*** Opening of The input ***
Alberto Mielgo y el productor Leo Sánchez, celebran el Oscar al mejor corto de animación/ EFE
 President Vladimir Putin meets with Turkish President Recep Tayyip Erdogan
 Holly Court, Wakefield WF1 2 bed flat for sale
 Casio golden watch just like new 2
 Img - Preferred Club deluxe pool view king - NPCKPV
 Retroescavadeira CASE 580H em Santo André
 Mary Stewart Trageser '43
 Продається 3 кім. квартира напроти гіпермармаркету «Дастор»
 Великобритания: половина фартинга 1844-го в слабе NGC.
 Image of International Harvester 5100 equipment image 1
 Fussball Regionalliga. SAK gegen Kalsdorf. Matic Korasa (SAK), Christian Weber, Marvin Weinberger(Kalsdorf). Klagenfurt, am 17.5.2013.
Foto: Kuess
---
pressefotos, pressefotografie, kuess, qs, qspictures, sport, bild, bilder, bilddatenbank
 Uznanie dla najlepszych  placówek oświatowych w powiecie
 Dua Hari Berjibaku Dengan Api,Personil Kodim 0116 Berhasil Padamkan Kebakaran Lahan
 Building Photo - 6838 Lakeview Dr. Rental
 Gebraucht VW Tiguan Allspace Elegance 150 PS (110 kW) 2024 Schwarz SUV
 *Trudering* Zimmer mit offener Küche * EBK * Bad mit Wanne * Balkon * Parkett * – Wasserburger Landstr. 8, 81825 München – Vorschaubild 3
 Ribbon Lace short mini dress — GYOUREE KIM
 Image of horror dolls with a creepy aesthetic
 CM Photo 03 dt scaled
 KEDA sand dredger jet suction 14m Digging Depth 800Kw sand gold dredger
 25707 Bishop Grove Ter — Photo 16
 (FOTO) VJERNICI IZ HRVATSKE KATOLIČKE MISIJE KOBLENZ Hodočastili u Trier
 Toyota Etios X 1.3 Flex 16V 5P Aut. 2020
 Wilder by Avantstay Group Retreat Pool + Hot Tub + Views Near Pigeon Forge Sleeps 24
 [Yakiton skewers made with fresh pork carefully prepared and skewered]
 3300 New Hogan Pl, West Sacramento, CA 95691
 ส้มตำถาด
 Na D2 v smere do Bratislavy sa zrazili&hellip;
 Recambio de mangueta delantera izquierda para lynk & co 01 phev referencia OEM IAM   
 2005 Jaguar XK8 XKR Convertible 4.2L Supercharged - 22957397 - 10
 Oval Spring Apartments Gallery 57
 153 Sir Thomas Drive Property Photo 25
*** Close of The input ***
■ Task goal: What you return must match the data word for word.

■ Exercise output:
Alberto Mielgo y el productor Leo Sánchez, celebran el Oscar al mejor corto de animación/ EFE
 President Vladimir Putin meets with Turkish President Recep Tayyip Erdogan
 Holly Court, Wakefield WF1 2 bed flat for sale
 Casio golden watch just like new 2
 Img - Preferred Club deluxe pool view king - NPCKPV
 Retroescavadeira CASE 580H em Santo André
 Mary Stewart Trageser '43
 Продається 3 кім. квартира напроти гіпермармаркету «Дастор»
 Великобритания: половина фартинга 1844-го в слабе NGC.
 Image of International Harvester 5100 equipment image 1
 Fussball Regionalliga. SAK gegen Kalsdorf. Matic Korasa (SAK), Christian Weber, Marvin Weinberger(Kalsdorf). Klagenfurt, am 17.5.2013.
Foto: Kuess
---
pressefotos, pressefotografie, kuess, qs, qspictures, sport, bild, bilder, bilddatenbank
 Uznanie dla najlepszych  placówek oświatowych w powiecie
 Dua Hari Berjibaku Dengan Api,Personil Kodim 0116 Berhasil Padamkan Kebakaran Lahan
 Building Photo - 6838 Lakeview Dr. Rental
 Gebraucht VW Tiguan Allspace Elegance 150 PS (110 kW) 2024 Schwarz SUV
 *Trudering* Zimmer mit offener Küche * EBK * Bad mit Wanne * Balkon * Parkett * – Wasserburger Landstr. 8, 81825 München – Vorschaubild 3
 Ribbon Lace short mini dress — GYOUREE KIM
 Image of horror dolls with a creepy aesthetic
 CM Photo 03 dt scaled
 KEDA sand dredger jet suction 14m Digging Depth 800Kw sand gold dredger
 25707 Bishop Grove Ter — Photo 16
 (FOTO) VJERNICI IZ HRVATSKE KATOLIČKE MISIJE KOBLENZ Hodočastili u Trier
 Toyota Etios X 1.3 Flex 16V 5P Aut. 2020
 Wilder by Avantstay Group Retreat Pool + Hot Tub + Views Near Pigeon Forge Sleeps 24
 [Yakiton skewers made with fresh pork carefully prepared and skewered]
 3300 New Hogan Pl, West Sacramento, CA 95691
 ส้มตำถาด
 Na D2 v smere do Bratislavy sa zrazili&hellip;
 Recambio de mangueta delantera izquierda para lynk & co 01 phev referencia OEM IAM   
 2005 Jaguar XK8 XKR Convertible 4.2L Supercharged - 22957397 - 10
 Oval Spring Apartments Gallery 57
 153 Sir Thomas Drive Property Photo 25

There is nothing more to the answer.